_Available data:_
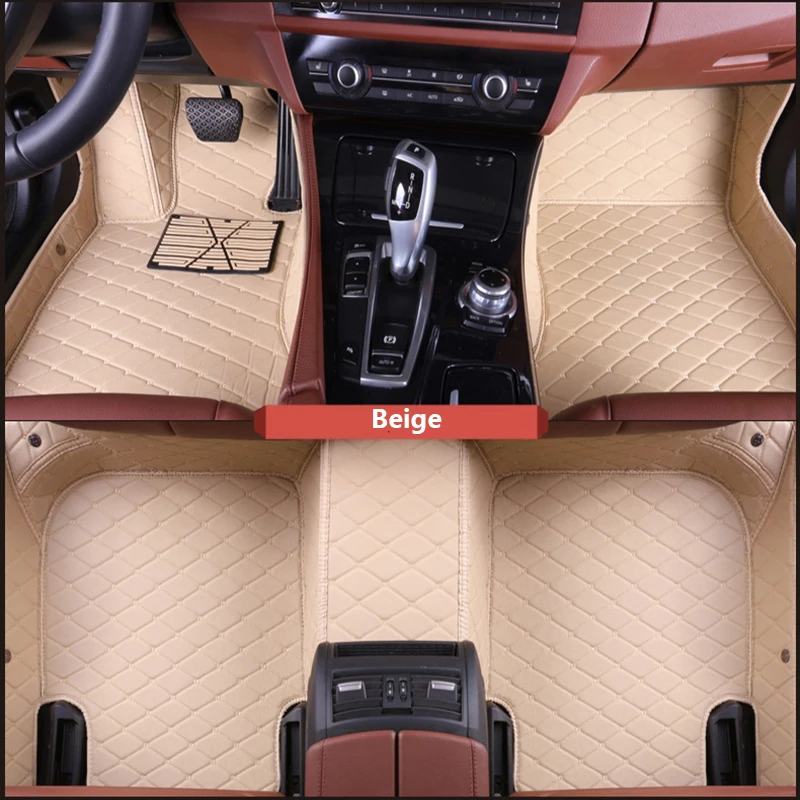 ZRCGL универсальный автомобильный коврик для peugeot все модели 4008 RCZ 308 508 301 301 307 207 2008 3008 206 408 5008 607 стайлинга автомобилей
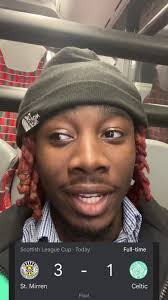 St Mirren Vs Ayr United Scottish League Cup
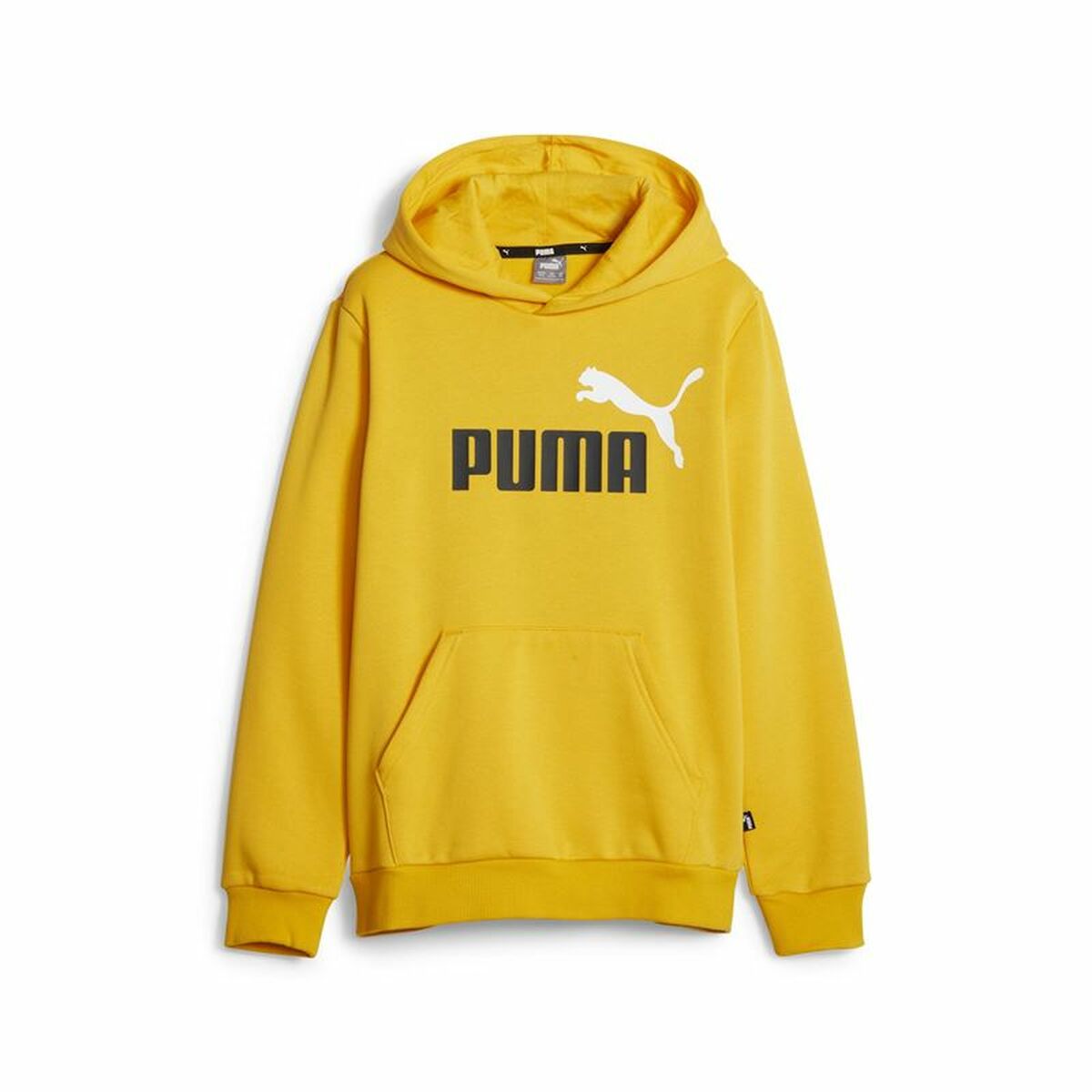 Lasten urheilushortsit Puma Ess+ 2 Col Big Logo Keltainen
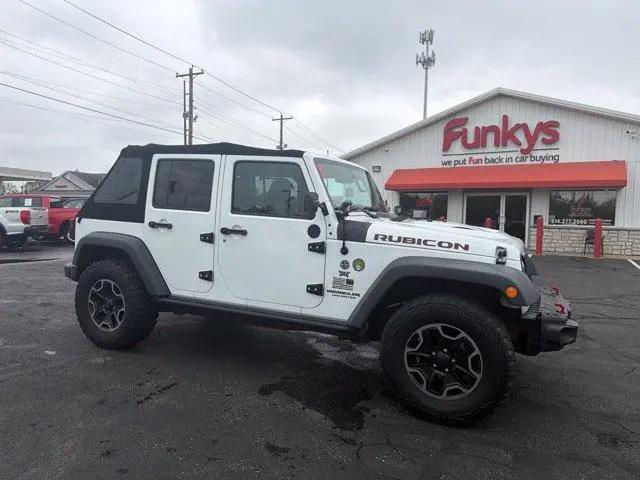 2017 Jeep Wrangler Unlimited Rubicon Hard Rock 4x4 for sale near Grove City, OH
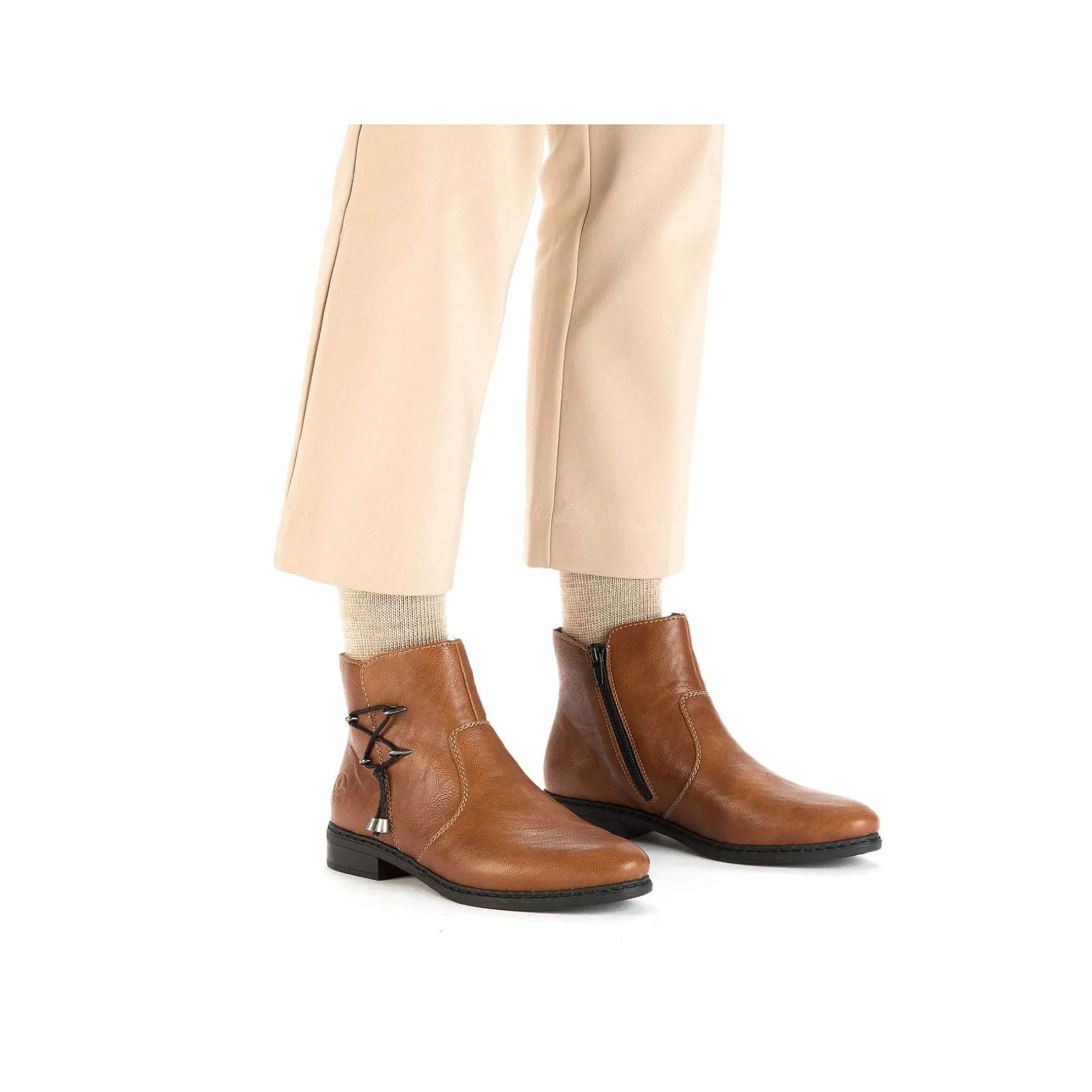 Rieker Women'S Ankle Boots Noisette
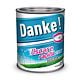 Email Danke uscare rapida, pentru metal, lemn, zidarie, exterior/interior, alb, mat, 0.75 l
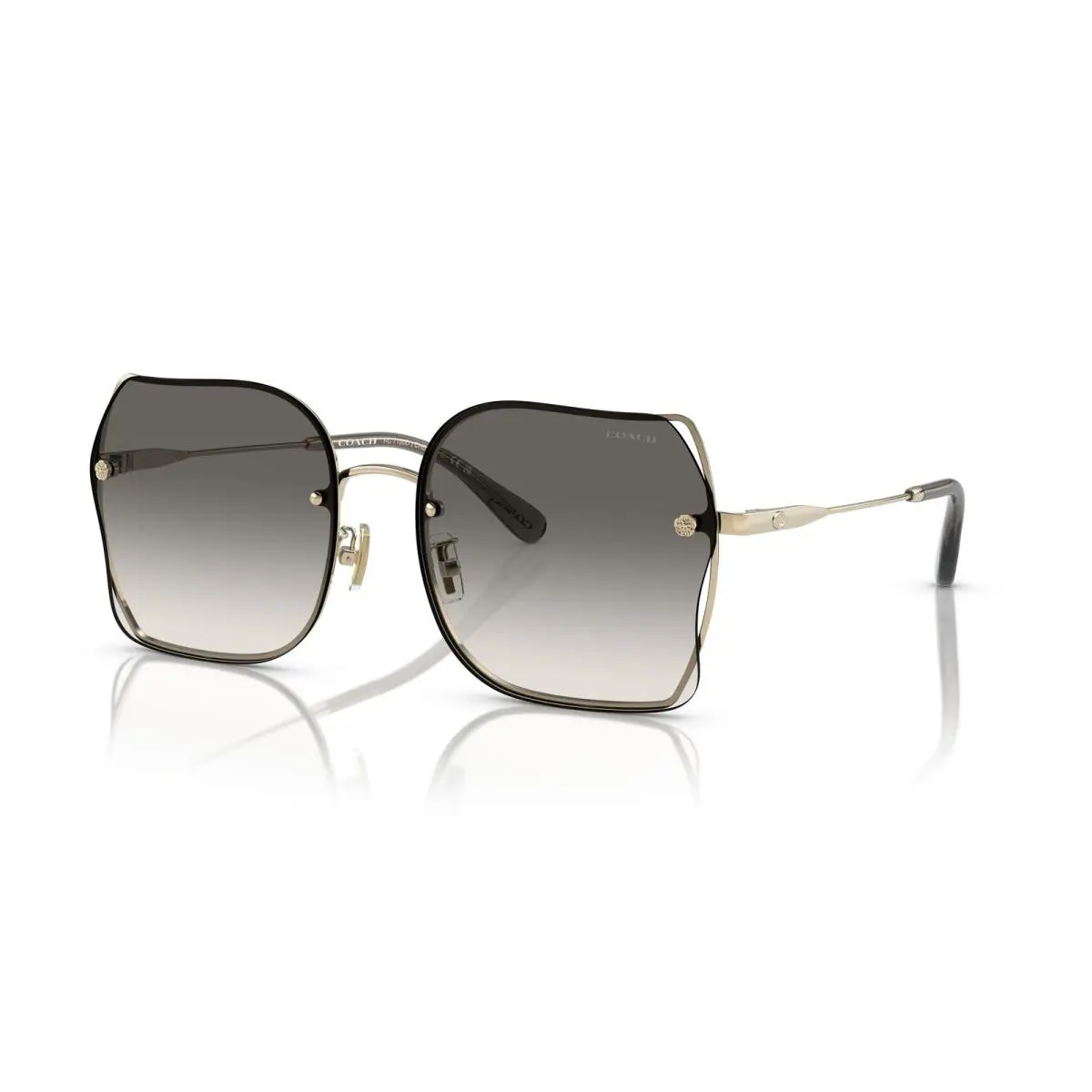 Coach 7150D Ch574 Sunglasses 900511 Gold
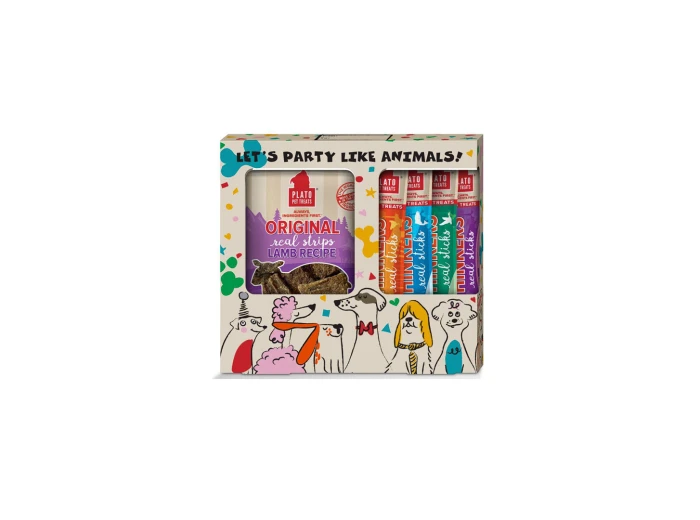 Plato Dog Celebration Box 5 Count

_Exercise brief:_
Print all of the entries word for word. Omit the pictures they contain.

_Answer to this task:_
 ZRCGL универсальный автомобильный коврик для peugeot все модели 4008 RCZ 308 508 301 301 307 207 2008 3008 206 408 5008 607 стайлинга автомобилей
 St Mirren Vs Ayr United Scottish League Cup
 Lasten urheilushortsit Puma Ess+ 2 Col Big Logo Keltainen
 2017 Jeep Wrangler Unlimited Rubicon Hard Rock 4x4 for sale near Grove City, OH
 Rieker Women'S Ankle Boots Noisette
 Email Danke uscare rapida, pentru metal, lemn, zidarie, exterior/interior, alb, mat, 0.75 l
 Coach 7150D Ch574 Sunglasses 900511 Gold
 Plato Dog Celebration Box 5 Count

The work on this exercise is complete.